Ob er es ohne diesen Polizisten aus der Obdachlosigkeit geschafft hätte? Er sagt: "Auf keinen Fall."
Seine Tour bietet Bichler zehnmal im Monat an. Sie läuft über den Verein "Querstadtein", der das Ziel hat, Berliner und Touristen über die Lebensrealität obdachloser Menschen aufzuklären.
Für Bichler sind das jedes Mal "kleine Zeitreisen" in seine Vergangenheit. Er sagt: "Gerade jungen Menschen möchte ich mein Wissen weitergeben, damit sie nichts falsch machen und selbst irgendwann in Schwierigkeiten geraten." Sein Rat: Keine Drogen. Und: keine Scheu davor haben, Hilfe in Anspruch zu nehmen. Vor allem dann, wenn man sie wirklich braucht.
Ihm hätte das viel Leid ersparen können. Als ihm seine Vermieterin aufgrund von Eigenbedarf kündigte und er keine neue Wohnung fand, war er zu stolz, um seine Familie und Freunde um Hilfe zu bitten. "Das war mir zu unangenehm", sagt er. Doch dann landete er auf der Straße. "Das war natürlich viel schlimmer."
"Über ein Lächeln hätte ich mich besonders gefreut"

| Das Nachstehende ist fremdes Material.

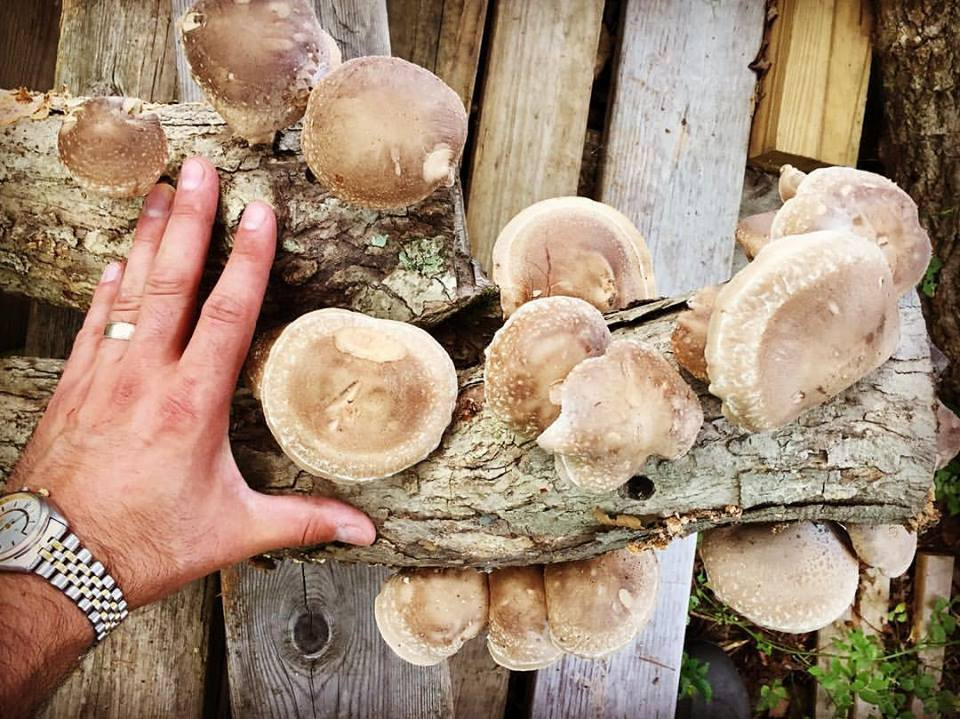 Shiitake Mushrooms Grow
 ONLINE Class Growing Mushrooms Outdoors Shiitake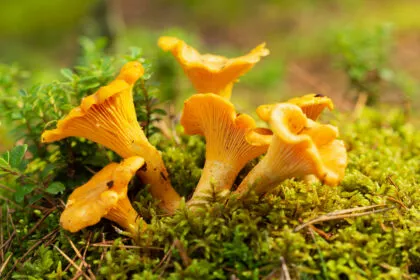 10 essbare Pilze und ihre giftigen Doppelgänger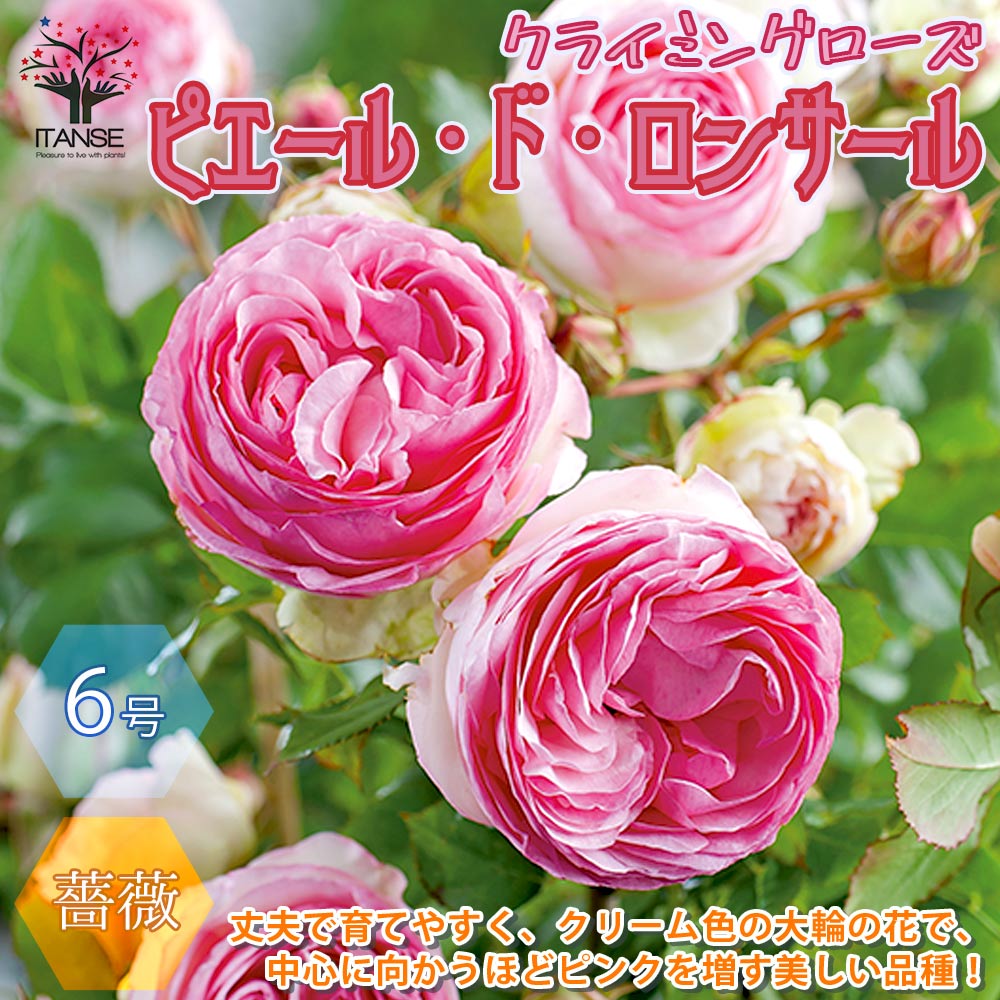 【送料無料】つるバラ ピエールドロンサール 薔薇【花苗 6号ポット ／1個売り】バラ苗 バラの苗 薔薇苗 薔薇の苗 花苗 花の苗 ローズガ..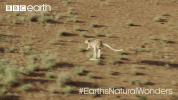 GIF by BBC Earth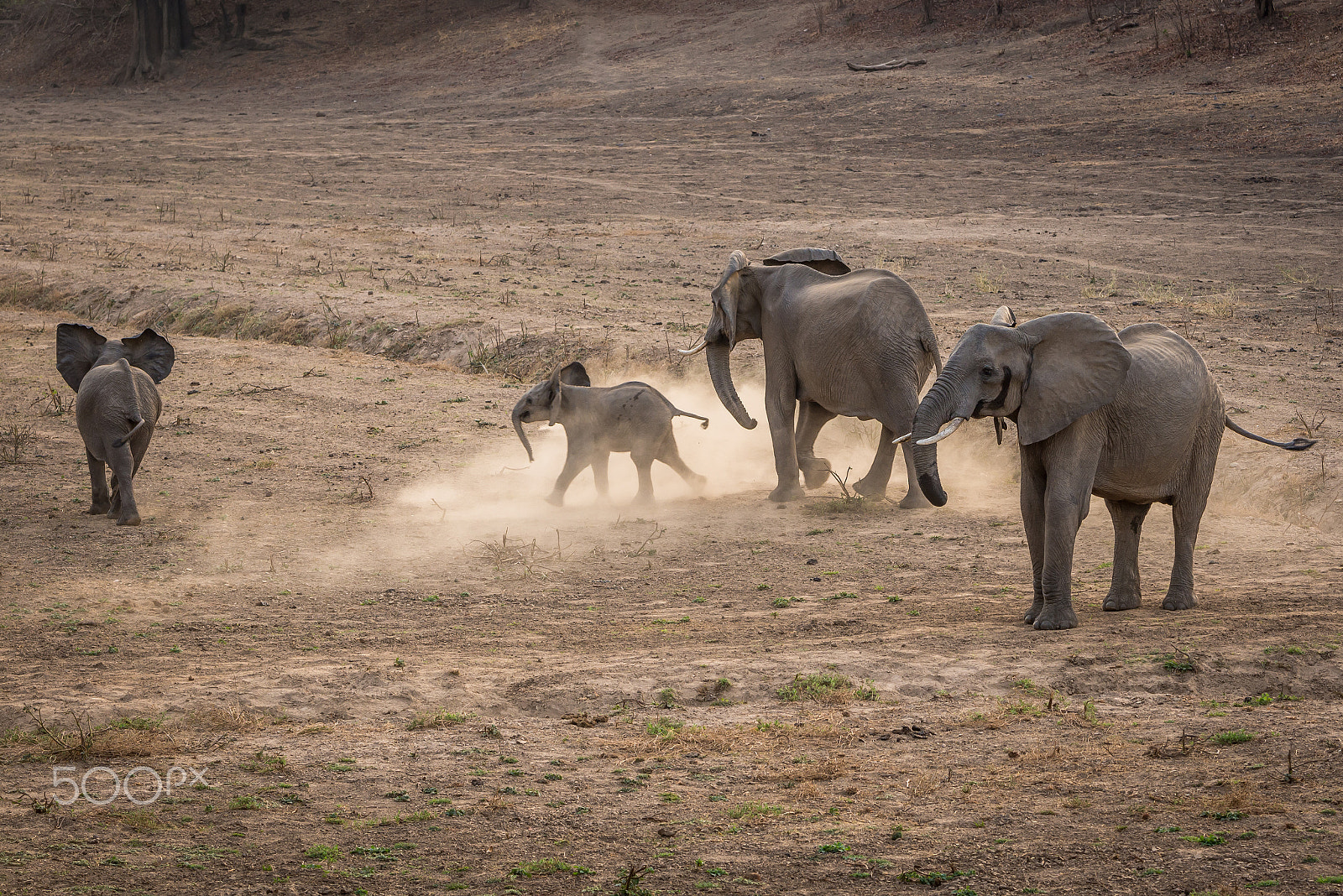 Nikon D600 sample photo. Elephant family.jpg photography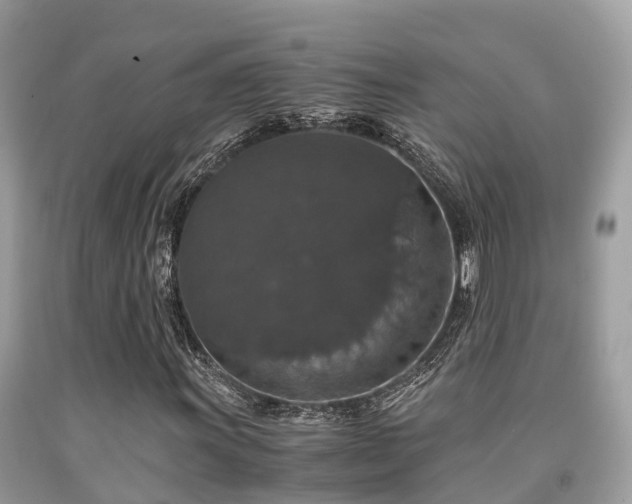 X0000091961011200709061257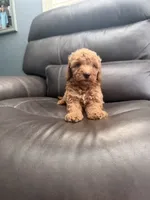 Baby , a male Miniature Goldendoodle for sale in Fairfield, CA – 9 of 10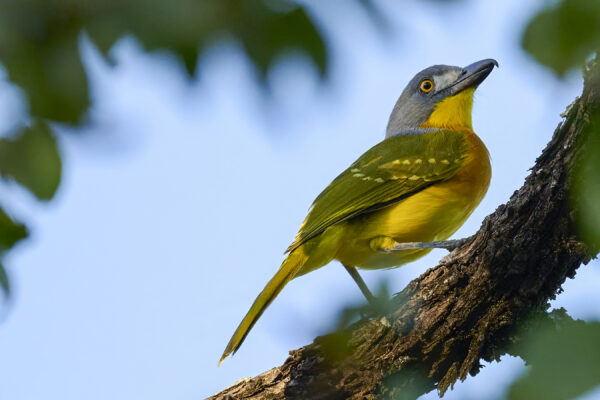 Grey-headed Bush-shrike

Auf seinen Stadtführungen wird er häufig gefragt, wie man auf Obdachlose am besten zugehen und ihnen helfen kann. Das Wichtigste: ihnen auf Augenhöhe begegnen. "Ich hätte mir gewünscht, dass mich wenigstens die Hälfte der Menschen beachtet", sagt er. "Über ein Lächeln hätte ich mich besonders gefreut."
Es würde auch wenig nützen, Obdachlosen "einfach irgendetwas" zu schenken. Viel besser sei es, Obdachlose zu fragen, was sie gebrauchen könnten. Oft seien das günstige Dinge wie eine Aluminiumdecke, die nur wenige Euro kostet. Aber im Winter bei Minusgraden Leben retten kann.
Die letzte Station seiner Führung ist der Savigny-Platz. Die Jugendlichen versammeln sich noch einmal um den 55-Jährigen, der seit knapp zehn Jahren wieder in einer Wohnung lebt und neben seinem Job als Stadtführer in einer Unterkunft für Geflüchtete arbeitet.
Was die Jugendlichen wohl mitnehmen von dem zweistündigen Spaziergang? "Ich habe gelernt, wie schwierig es für Obdachlose ist, einen Ort zu finden, an dem sie sich sicher aufhalten und schlafen können, besonders im Winter", sagt eine Teilnehmerin. Gerade die defensive Architektur der Parkbänke habe sie schockiert.
Ein weiterer Teilnehmer sagt noch: "Durch die Tour ist meine Wertschätzung für Obdachlose gestiegen." Jetzt kenne er die "Schattenseiten" des Lebens auf der Straße besser und sei eher dazu bereit, Obdachlosen mit Spenden zu helfen.
Dieter Bichlers Tour hat die Jugendlichen nachdenklich gemacht – auch im Umgang mit Vorurteilen gegenüber Menschen, die auf der Straße leben.
Nach der Tour geht Bichler zu seinem Lieblingscafé: Den "Kuchenladen" in der Kantstraße. Im Schaufenster sind mehrere Sorten Erdbeer-, Nuss- und Schokoladenkuchen liebevoll angerichtet. Aus dem Café strömt ein süßlicher Geruch. "Dort gibt es den besten Kaffee und Kuchen in Charlottenburg", sagt Bichler.
Davon habe er in seiner Zeit als Obdachloser nur träumen können.